Those look like something my wife would like. Thanks for posting the link.

As far as the advice question, who knows, but maybe some women need haircut advice from someone other than their female friends.


----------



## kizmit10 (Mar 28, 2006)

Baggies look great, but it seems that even most of the companies that make women's gear don't make much for us plus sized ladies. The sizes offered by Halot and she beast are both too small for me (especially since I have larger thighs) OR, the cut them really short and I like shorts that go to my knees. I'm basically a size 18. Anyone have an suggestions?


----------



## mtbchick (Aug 16, 2004)

Cannondale Singletrack Shorts (These shorts tend to be larger than the normal cannondale shorts.

or

Terry Bicycles Plus

SheBeest is working on plus sizes...

AND- wear your favorite lycra shorts under whatever baggies you find. i almost never like the fit or chamois of the baggies, and wind up wearing a high end pair of shorts under my baggies.

I like baggies.


----------



## georgezilla (Sep 28, 2005)

i have 2 pairs of oakley shorts (2.2 is the model, i believe) and i love them! they are super comfy, dont bind anywhere and have an awesome built in chamois. i've spent long days in the saddle with these and no problems!
i also have a pair of spectrum techwear mistress shorts. these are awesome!! i put a pair of pearl izumi liners under them and can ride forever! the material is ultra lightweight, quick drying and have pockets like regular pants. 
i used to have a couple pairs of fox shorts but they are pale in comparison and have found their way to the back of the closet. the liners were thin and the elastic in the waist was too tight. the oakleys have more of a relaxed elastic waist with a small nylon belt and the spectrums have a zipper fly and two snaps. there is no elastic in the spectrums at all! its just like wearing a pair of board shorts


----------



## LadyDi (Apr 17, 2005)

Heck, yeah! Try _Terry Precision Cycling._ Lots of plus options. Their skorts are nice too.

Don't feel limited to women's clothing! I discovered that men's shorts give me the length & features I want. My favorites are Fox Epics. The Fox liner kinda sucks, but you can remove it and wear the shell over your favorite lycra shorts.
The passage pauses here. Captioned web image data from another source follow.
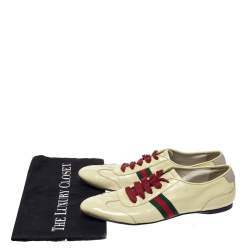 Pre Owned حذاء رياضي غوتشي منخفض من أعلي و برباط علوي و مزين بشريط ويب جلد لامع أصفر مقاس 38.5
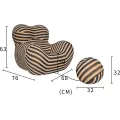 Designové křeslo Nua s podnožkou béžové/černé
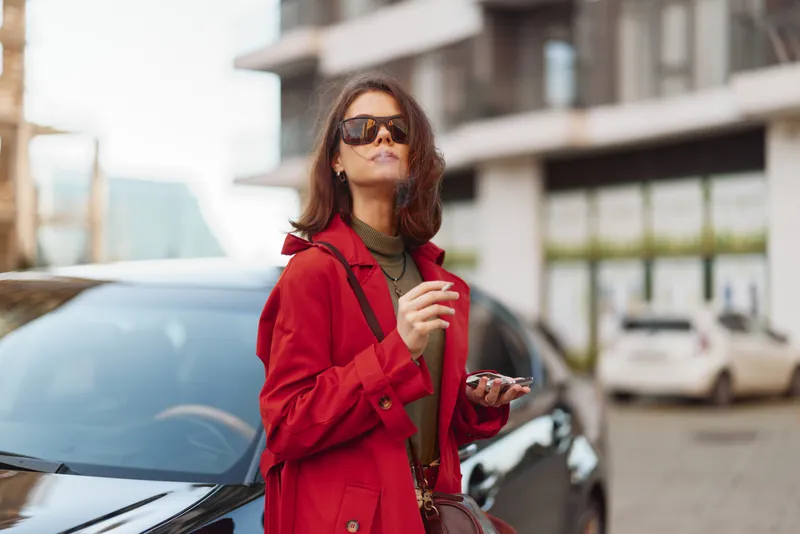 Confident young woman in a red coat stands next to a black car holding a smartphone and wearing sunglasses on a city street.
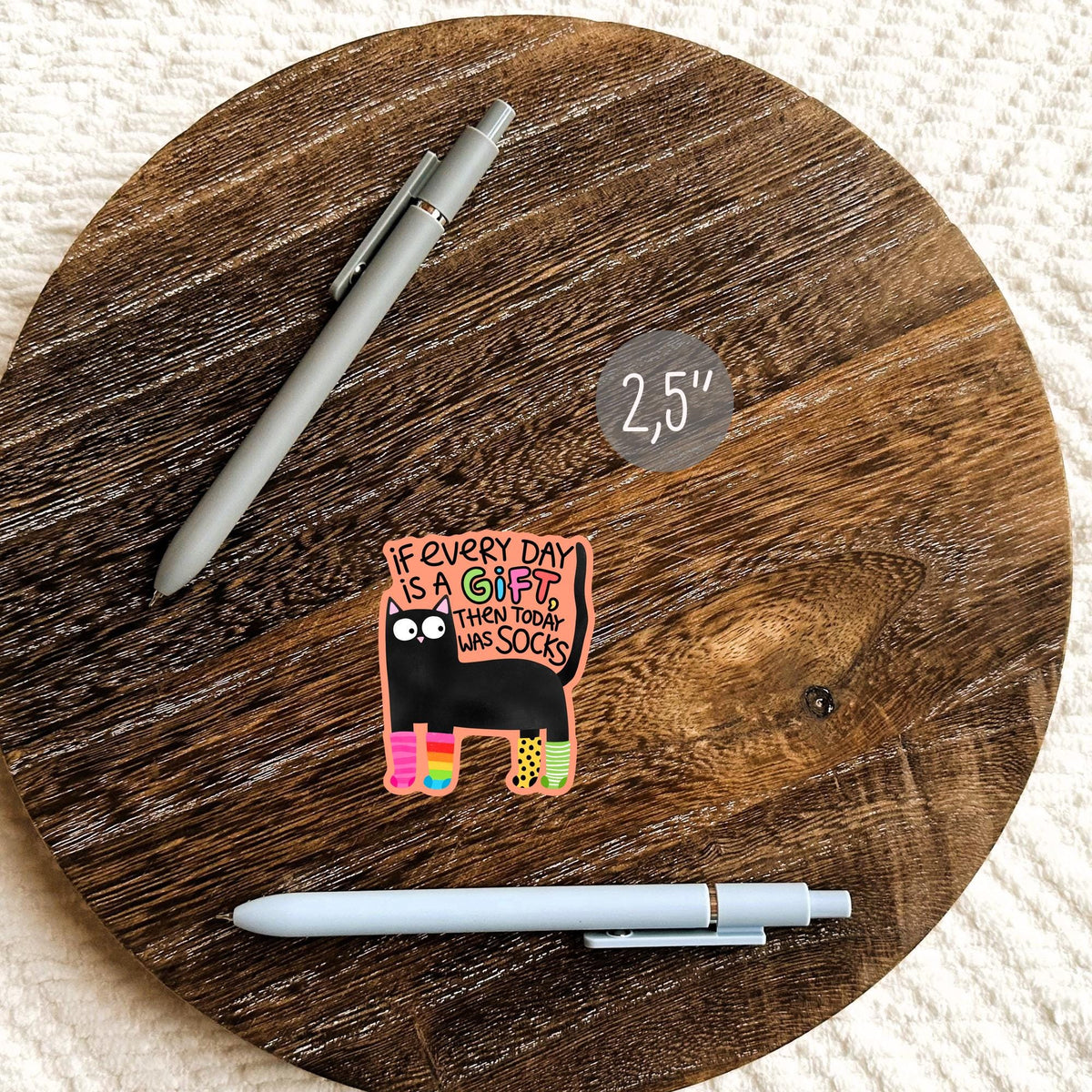 Black cat socks sticker on a round wood board with a pen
Another option would be stretchy knee-length capri's perhaps a size up from your normal size (for comfort & flex). Again, check Terry or Athleta. The capris don't have to be cycling-specific, but shoot for stretchy "wicking" fabric and be sure to wear padded liners or lycra shorts underneath.

One more option-- I have a favorite pair of loose "board shorts" that I team with lycra. The combination equals very comfortable, improvised baggies. You can find all sorts of wild colors, too. Happy Shopping!


----------



## connie (Mar 16, 2004)

I tend to get spandex snagged on the saddle more than good baggies. Yes, if you have really loose baggies or something with leg openings that are too big, it can get caught, but with a good fitting pair, they're better than spandex IMO. The material doesn't stretch so much and therefore slides over the saddle instead of getting snagged and stretching. 

I have some new PI baggies that are really nice, and some Oakleys that are also really well designed. And I also find when I ride in spandex that I really miss the pockets for storing clif bloks or gels or whatever. Getting into your pack is more of a hassle and the less hassle = the more frequently I eat a bite, which keeps me energized through the ride.


----------



## racerzero (Jan 4, 2004)

A guy here. Lately I've been buying boardshorts. Especially Oakeys. I wear lycra shorts under them. 

Boardshorts have to designed with a lot of sitting on the board waiting waves which mimics the bike riding position. 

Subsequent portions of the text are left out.